Violeta, então, passou a conduzir o "La Prensa", transformado-o novamente num jornal de oposição à nova gestão, enquanto Carlos, ainda identificado com a causa sandinista, foi trabalhar no "Barricada", um jornal abertamente governista.

No começo do período pós-revolucionário, o poder foi exercido por uma junta que abrigava distintos setores da sociedade, com a FSLN à frente. Porém, após vencer as eleições de 1984, o líder sandinista Daniel Ortega passou a afastar as forças mais conservadoras e a centralizar o poder.

Nas eleições de 1990, os sandinistas pagaram o preço do isolamento, sendo vencidos por uma ex-aliada, justamente Violeta Chamorro, viúva de Pedro Joaquín e mãe de Carlos.

"Foi um período em que se tentou construir um país com instituições livres, como a Justiça, a corte eleitoral e o parlamento. Economicamente, caminhamos para uma economia de mercado", conta Carlos.

Apesar de hoje fazer comentários elogiosos ao governo da mãe, na época não foi essa sua posição. Carlos continuou no "Barricada", que então passou a ser um jornal de oposição.

Enquanto em casa, segundo ele, a família tinha boa convivência, na atuação política os Chamorro estavam de lados opostos.

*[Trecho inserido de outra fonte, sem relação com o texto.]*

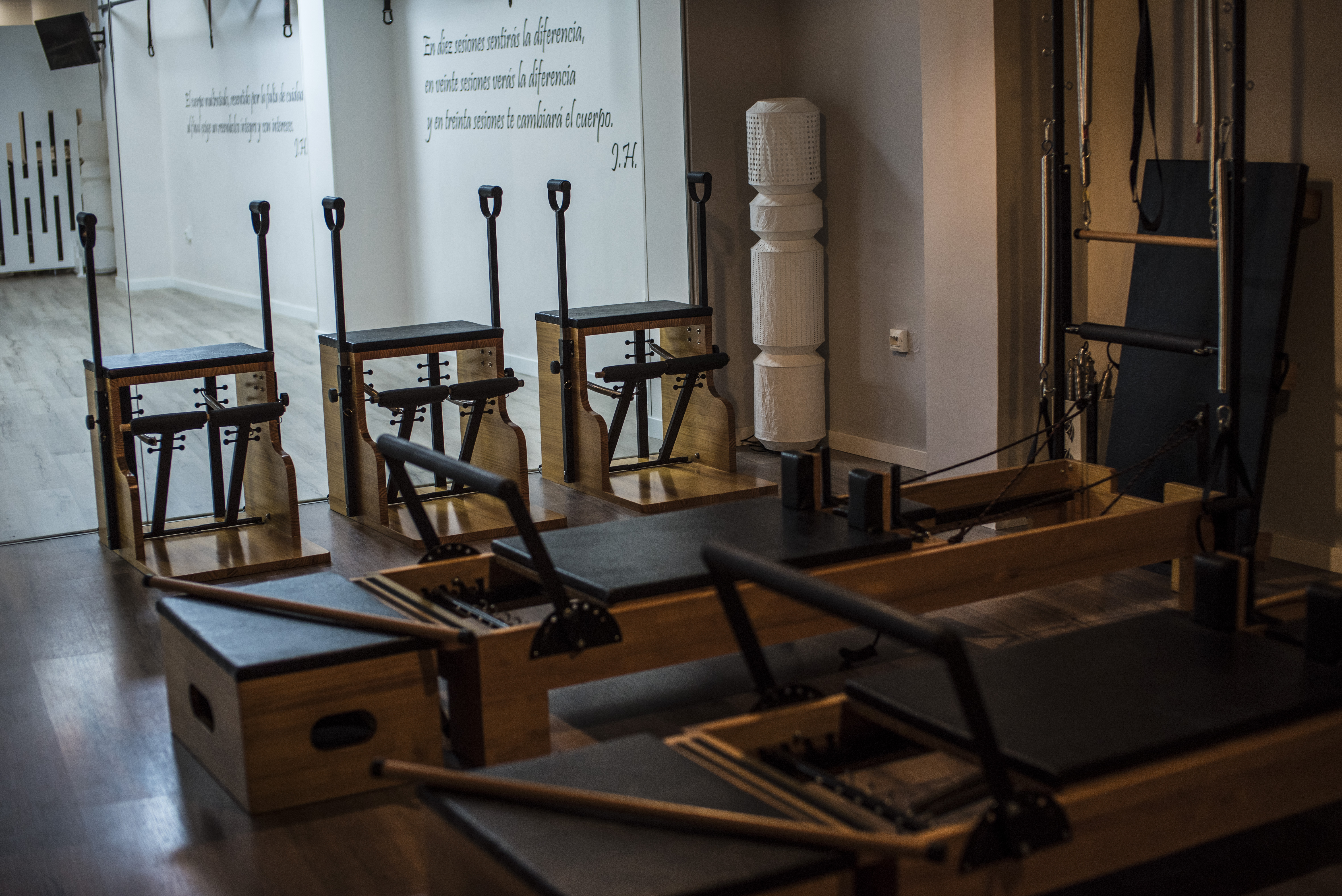 Interior del estudio con máquinas de pilates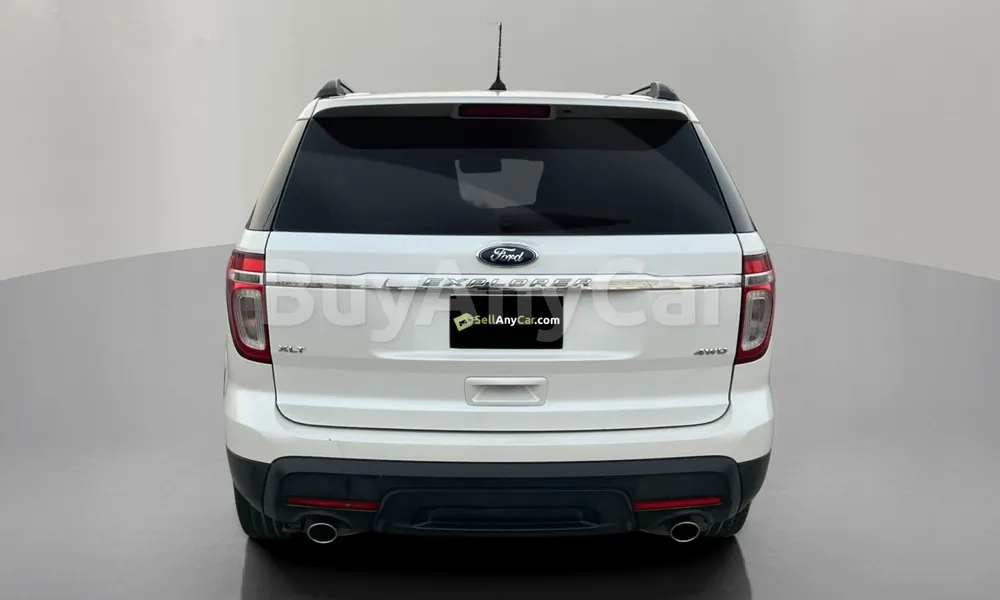 Vehicle photo 2
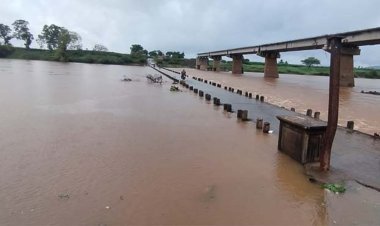 जिल्ह्यातील 52 बंधारे पाण्याखाली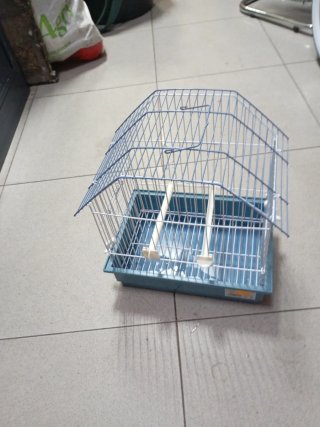 Jaula para pájaros en buen estado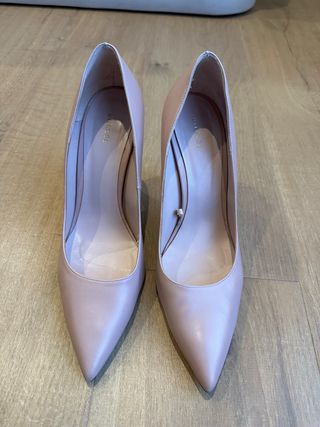 Zapatos salones de tacón de piel color nude 41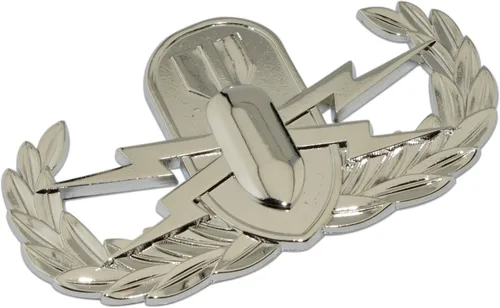 Vista 11 de Emblema de metal de la tripulación de la Fuerza Aérea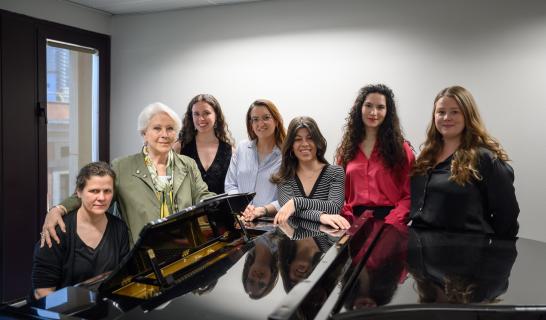 Today marks the beginning of the Vocal Technique and Stage Performance Course of the Tenor Viñas Competition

Violeta governou de 1990 até 1997 [hoje, aos 86, está afastada da vida pública], foi sucedida por dois governos conservadores até que, em 2006, o mesmo Daniel Ortega venceu as eleições e retornou ao poder, de onde não saiu mais.

OUTRO SANDINISMO

"A América Latina tem em seu imaginário o sandinismo como um movimento libertário, de esquerda, mas é preciso saber que hoje isso virou outra coisa. Voltamos a ter um alto grau de concentração de poder numa família, com uma base de apoio construída sobre políticas assistencialistas e uma economia neoliberal. Nossas instituições estão destruídas, não há pesos e contrapesos. Também regredimos em direitos civis, é um governo contra o aborto, contra a aceitação de refugiados", afirma Carlos ao comentar a razão do retorno da Nicarágua aos noticiários.

Nos últimos meses, Ortega tomou várias medidas autoritárias. Tendo aprovado a reeleição indefinida, apresentou-se como candidato para um quarto mandato no próximo dia 6 de novembro, tendo a mulher, Rosario Murillo, como vice. Impediu a presença de observadores estrangeiros e retirou o registro legal do único partido de oposição, o PLI (Partido Liberal Independente), além de destituir os únicos 16 deputados opositores do atual Congresso, composto por 91 membros.

"É um gesto simbólico, porque a oposição já estava liquidada. Esses deputados já não podiam aprovar nada. Trata-se de uma sinalização de que Ortega pretende governar, no próximo mandato, com um parlamento totalmente a favor", diz Carlos.

Onde fica Nicarágua

Hoje à frente do jornal "El Confidencial" e com dois programas de televisão em um canal independente, o herdeiro dos Chamorro já não crê no jornalismo partidário que praticou no passado.

"Naquela época fazia sentido pelo contexto. Desde os anos 90, acredito no jornalismo profissional e autônomo, porque os tempos são outros."

Para ele, virão anos difíceis. Tendo entrevistado Ortega várias vezes, disse ter ouvido dele repetidamente que não acredita "no sistema democrático, e sim na democracia direta", o que, em sua concepção, seria uma relação carismática construída com o povo por fora do sistema eleitoral.

"A médio prazo não vejo uma reação possível, uma aliança de forças como houve na época da Revolução. Eu preferia que a mudança viesse de uma forma pacífica, a partir do convencimento da população de não apoiar mais esse regime que quer perpetuar-se no poder, mas por ora não vejo possibilidade de mudança que não seja com algum tipo de trauma. Estão se fechando todas as portas", afirma.